I’m always amazed when science can provide a new glimpse into the life and works of an artist who lived long before my time. It makes me feel closer to the artist’s intention to be able to understand how he or she went about the process of creating.
Most people know Louis Daguerre and Henry Talbot as the fathers of modern photography. But that’s not the whole story. In the beginning of the 19th century, Frenchman Joseph Nicephore Niépce—subject of an international conference starting tomorrow in England—produced various image-making techniques now known to be precursors to modern photography: his unique heliographs (photograph using the sun and a device called a camera obscura) were first created on, of all things, pewter plates.
In 1827, Niépce brought these images to England to demonstrate his techniques to the Royal Society in hopes he would be admitted and his talent recognized. Unfortunately, during his time in England The Royal Society was in turmoil and Niépce was unable to share his experiments. Ambitions crushed, he died in 1833, leaving his sometime collaborator Daguerre to publicly reveal photography to the world in 1839.
Recent analysis by Getty Conservation Institute scientists Dusan Stulik and Art Kaplan on a handful of Niépce’s early photographs is now shedding light on the photographer’s secretive process. New results show that Niépce experimented with a variety of inventive techniques in early image making that led the way in the birth of modern photography.
Of the four known surviving plates Niépce took to England, one is now on display at the Harry Ransom Center at the University of Texas at Austin—considered the First Photograph. (GCI scientists analyzed this image in 2002.) Three of the remaining photographic plates Niépce brought to England now reside at the National Media Museum in the U.K.

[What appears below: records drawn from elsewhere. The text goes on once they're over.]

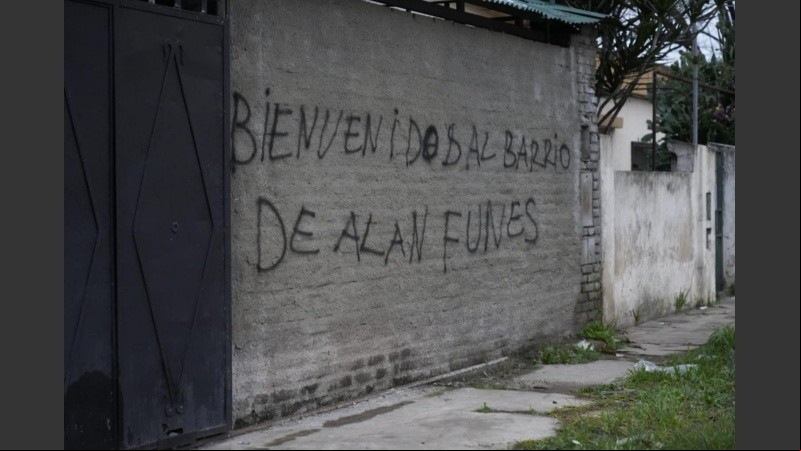 Una de las paredes del barrio, a metros de dónde el domingo asesinaron a una mujer.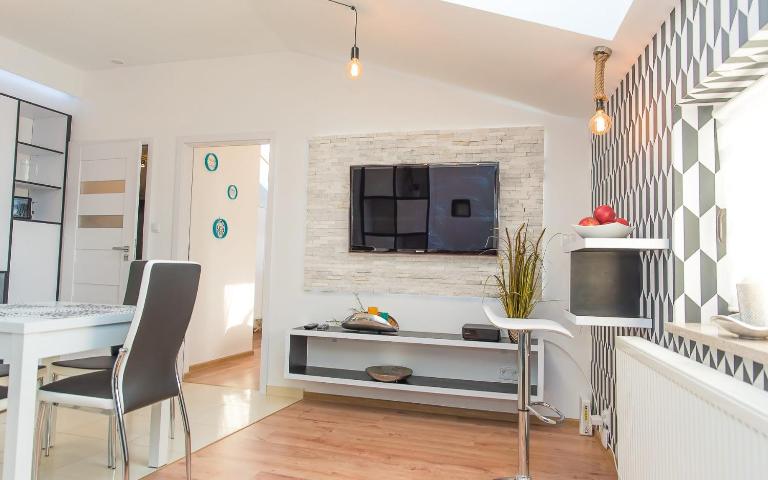 EASY RENT Apartments - LOFT, Centrum 24h Check-in - B&B Lublin
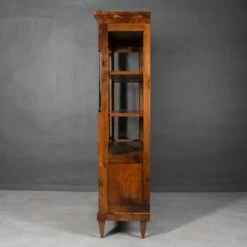 Biedermeier Display Cabinet, Walnut Wood, Germany, 19th Century 23 Biedermeier Display Cabinet, Walnut Wood, Germany, 19th Century -Bookcases Sales 788406f4 f56b 440d 8990 744975fd4d25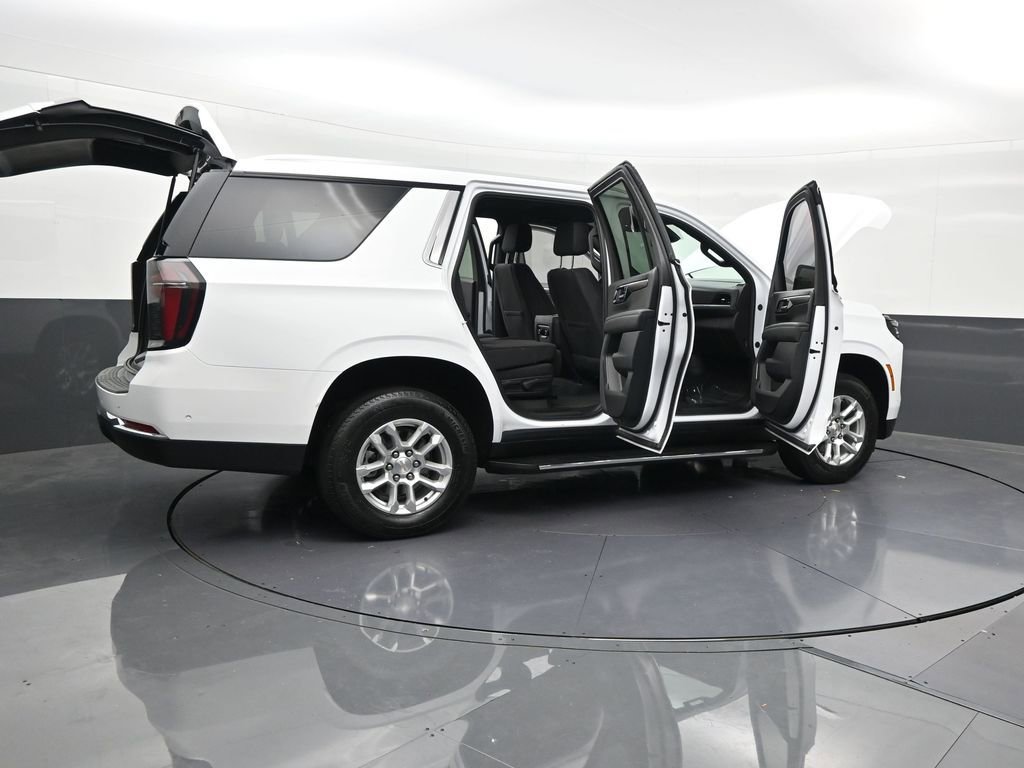 Used 2025 Chevrolet Tahoe LS RWD image 31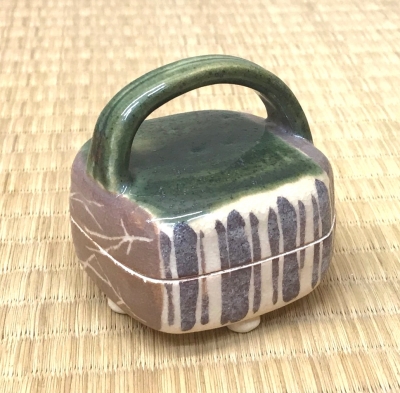 永楽即全 織部写 香合 而妙斎宗匠 | 茶道具 小西康のぶろぐ 永楽即全 織部写 香合 而妙斎宗匠 | 茶道具 小西康のぶろぐ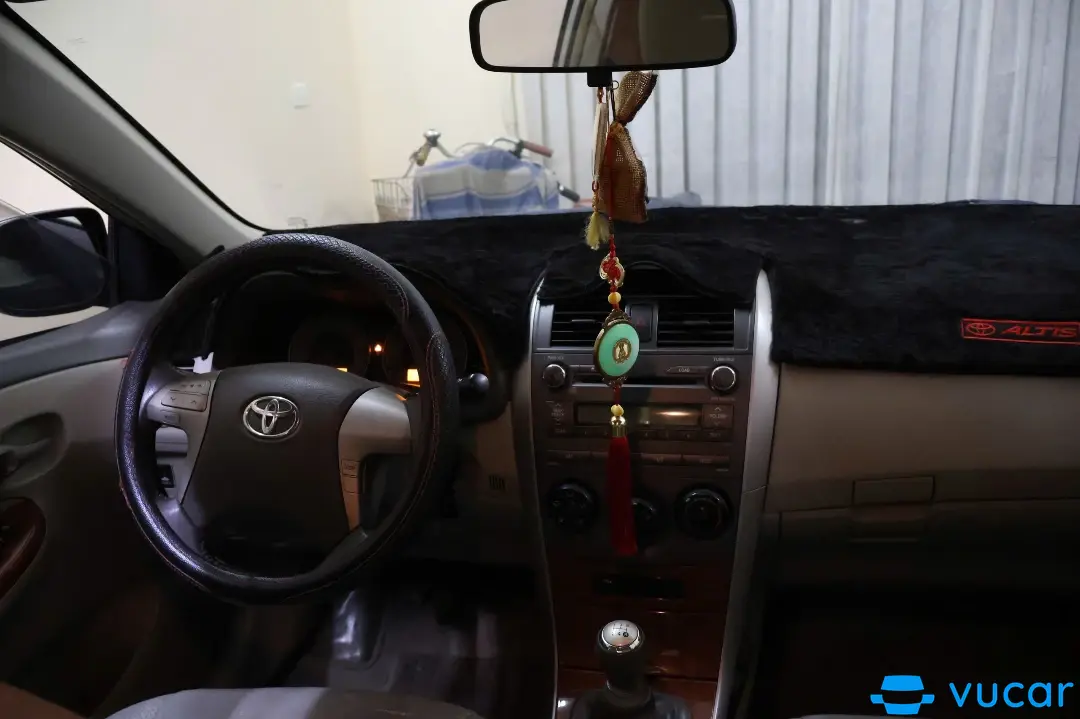 Toyota Corolla altis 1.8 2010 - Nội thất 11
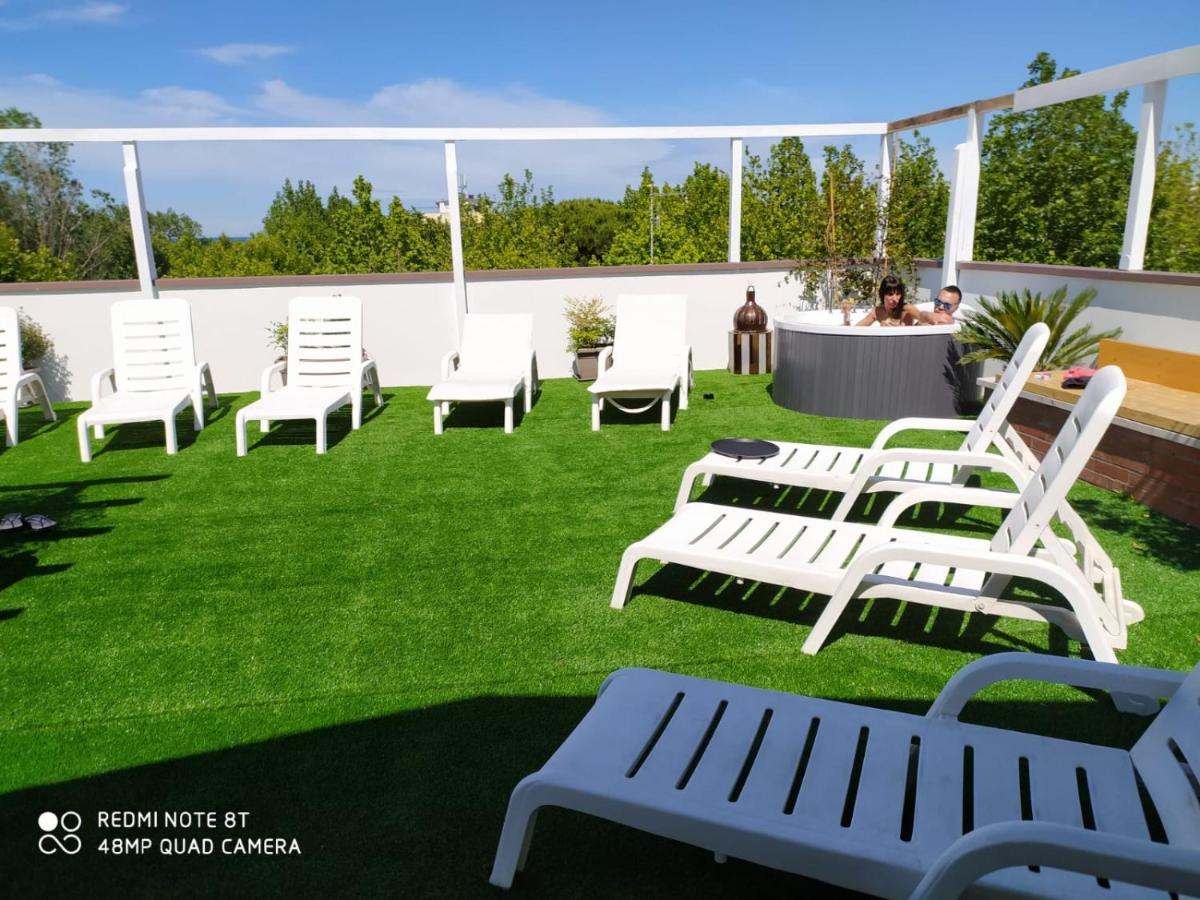 Kristalex Pet Family Hotel Cesenatico Esterno foto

It’s these latter plates that were examined by GCI scientists. The research shows that these three images undoubtedly represent the finest examples of Niépce’s photographic work, and, disproving previous theories, actually represent not one, but a range of different experiments.
Interestingly, the results also prove that one of the plates, a photographic copy of a design by Louis Daguerre, “Un Clair de Lune,” which has long been thought to have been enhanced with etching, was not enhanced at all, but was simply a wonderfully rendered heliogram.
Another surprise found in this particular plate lies a little deeper than the image itself. Analysis shows that Niépce’s process began with a pewter plate as a base like all his other works, but this successful picture also began with a fragrant coating of what appears to be solidified lavender oil, which prepared the base to accept the image.
Stulik likes to say that everything related to photography that surrounds us today—digital cameras, film, TV, even 3D and videogames—go back to Niépce’s very first inventions. (For an interview with Stulik, see this video from the National Media Museum.)
He has recreated Niepce’s experiments in his lab, with—I have to say it—some very sweet-smelling success. The team’s technical findings do shine a different light on the early history of photography than has been previously described in literature. It’s a shame that Niépce wasn’t better recognized for his works during his lifetime. His contributions to photography were creative, interesting, and in the long run, immeasurable.